** Opening Given data block **
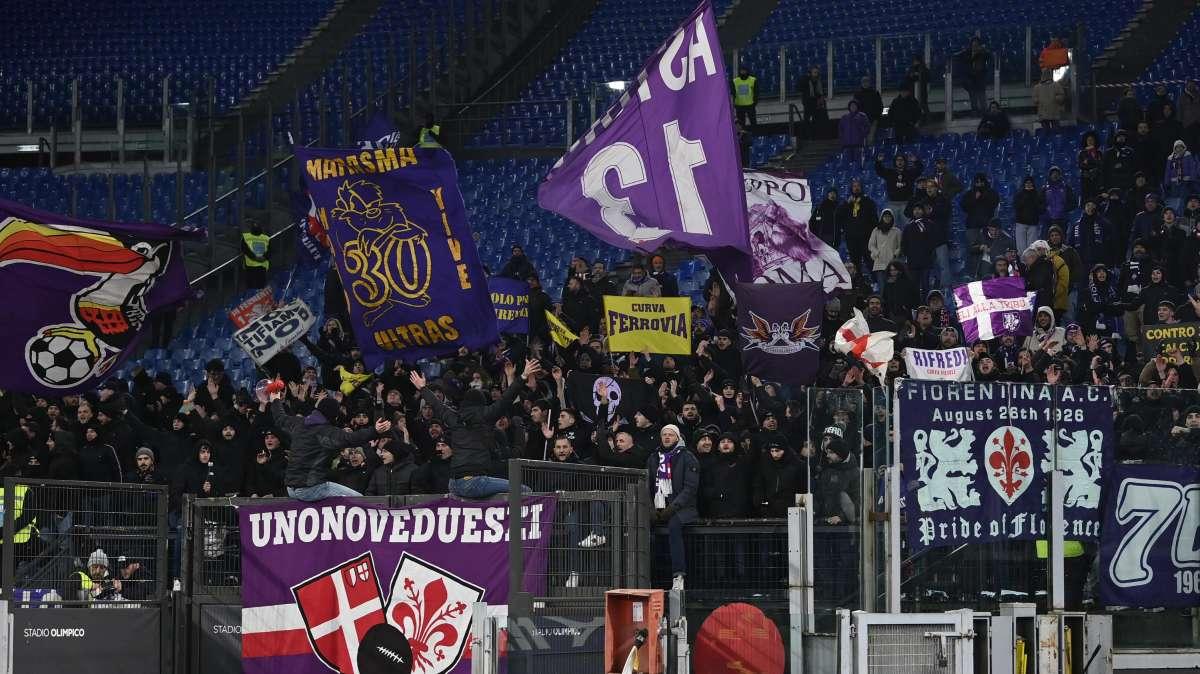 Divieto di trasferte, i tifosi viola fanno ricorso al Tar: in due giorni la decisione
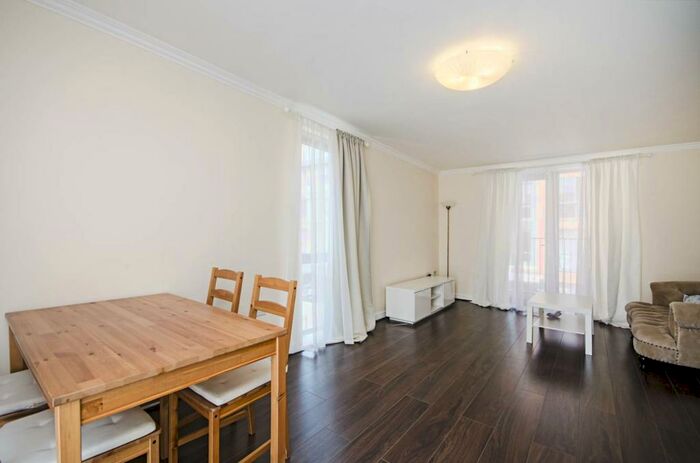 2 Bedroom Flat To Rent In Charcot Road, Colindale, London, NW9
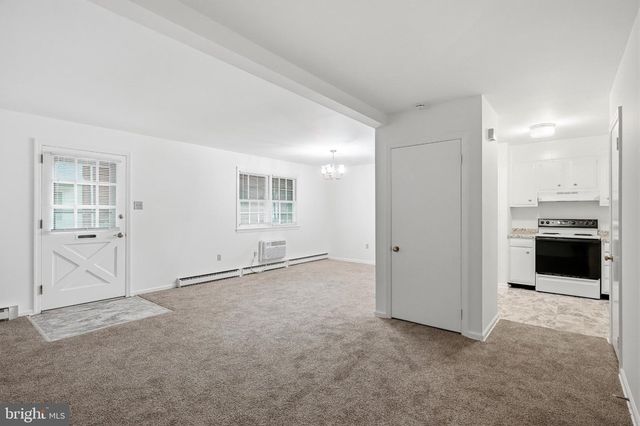 1110 WAYNE AVE, Coatesville, PA 19320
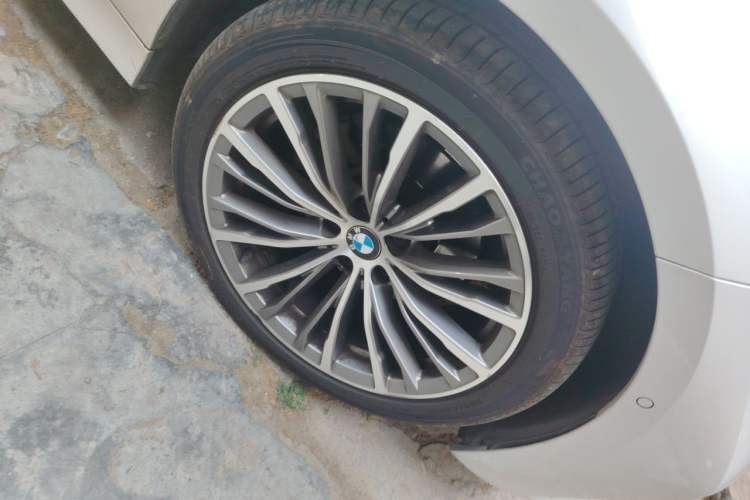 Used BMW 3 Series 2020 325Li First Edition Right Front Wheel Hub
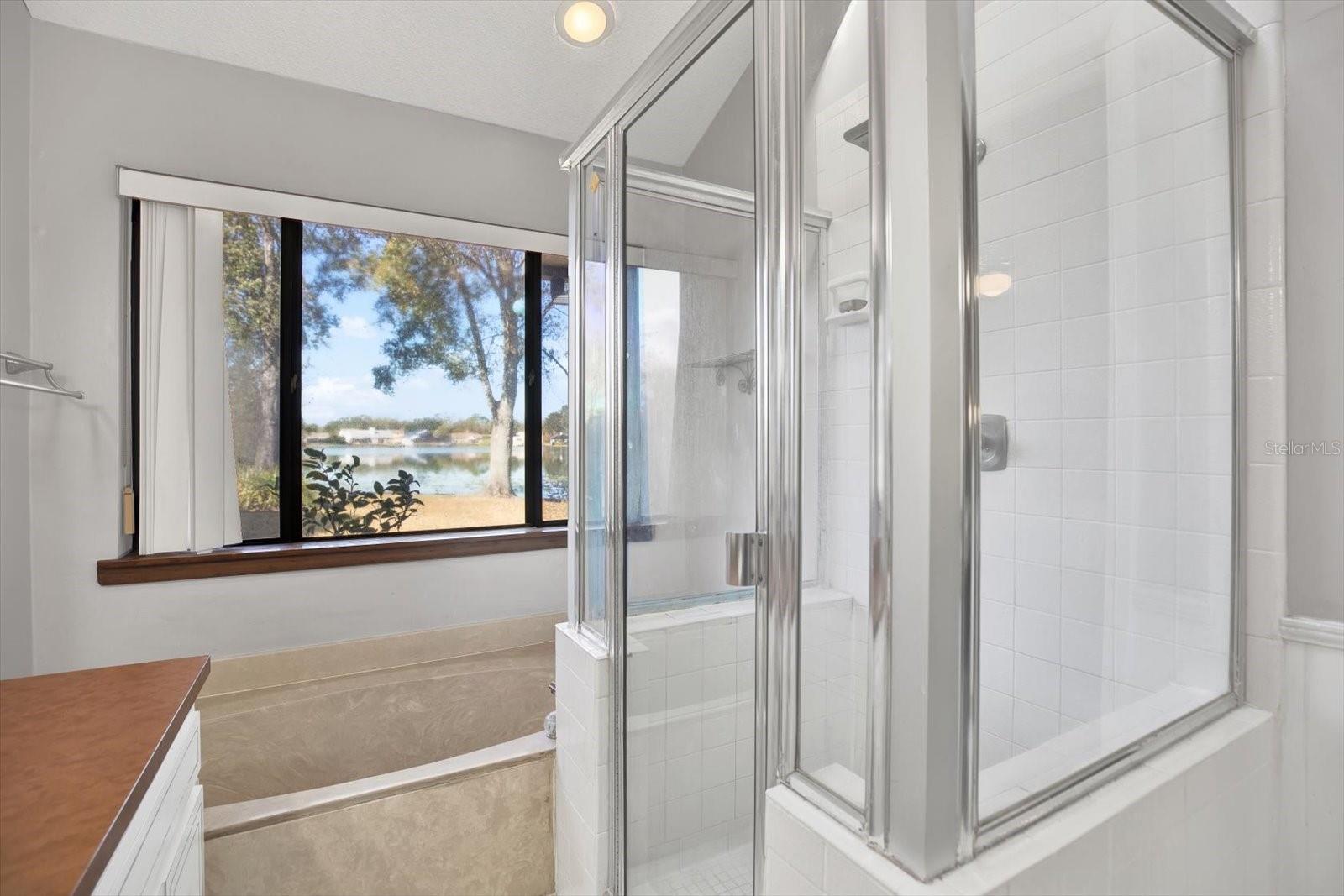 8304 PALMA VISTA LN, TAMPA, FL, 33614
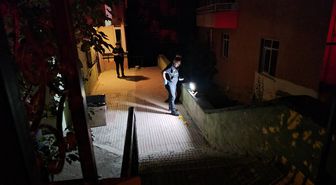Çorum'da apartman dairesine pompalı tüfekle saldırı düzenlendi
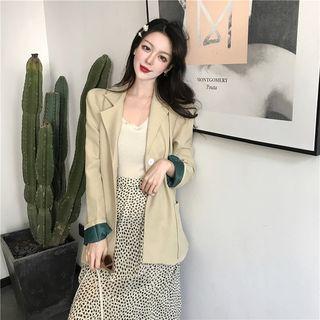 Single-breasted Blazer / Printed Midi Layered Skirt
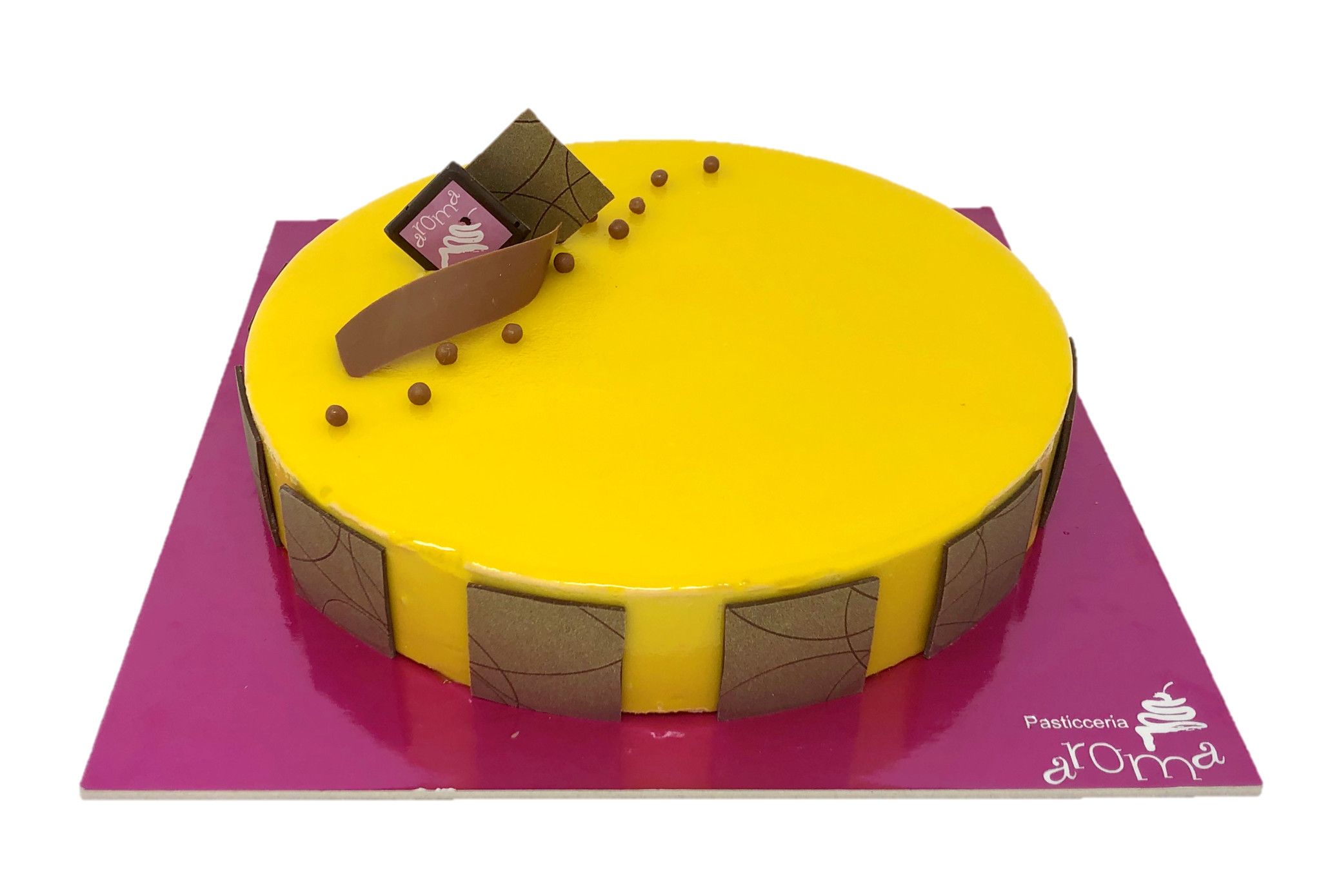 Torta al cioccolato al latte, mango e frutto della passione composizione SAFARI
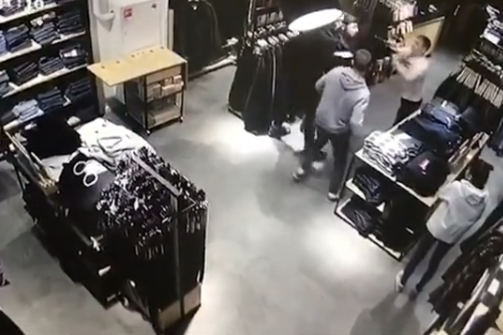 У московському магазині влаштували жорстоку бійку за штани (відео)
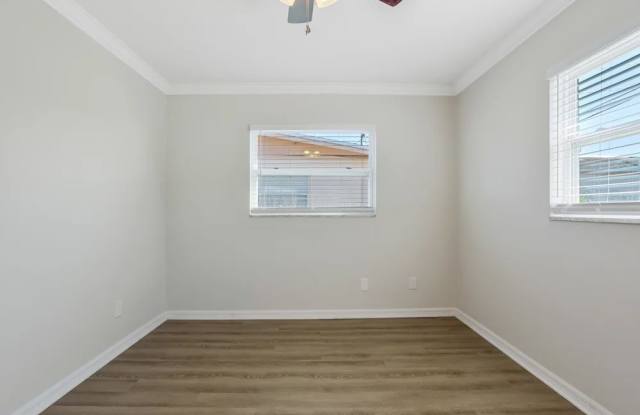 1600 Beverly Avenue Gallery 2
** Closing Given data block **
**Assigned task**
Only the records, copied exactly and without pictures, should make up the answer.

**Output of the task**
 Divieto di trasferte, i tifosi viola fanno ricorso al Tar: in due giorni la decisione
 2 Bedroom Flat To Rent In Charcot Road, Colindale, London, NW9
 1110 WAYNE AVE, Coatesville, PA 19320
 Used BMW 3 Series 2020 325Li First Edition Right Front Wheel Hub
 8304 PALMA VISTA LN, TAMPA, FL, 33614
Çorum'da apartman dairesine pompalı tüfekle saldırı düzenlendi
 Single-breasted Blazer / Printed Midi Layered Skirt
 Torta al cioccolato al latte, mango e frutto della passione composizione SAFARI
 У московському магазині влаштували жорстоку бійку за штани (відео)
 1600 Beverly Avenue Gallery 2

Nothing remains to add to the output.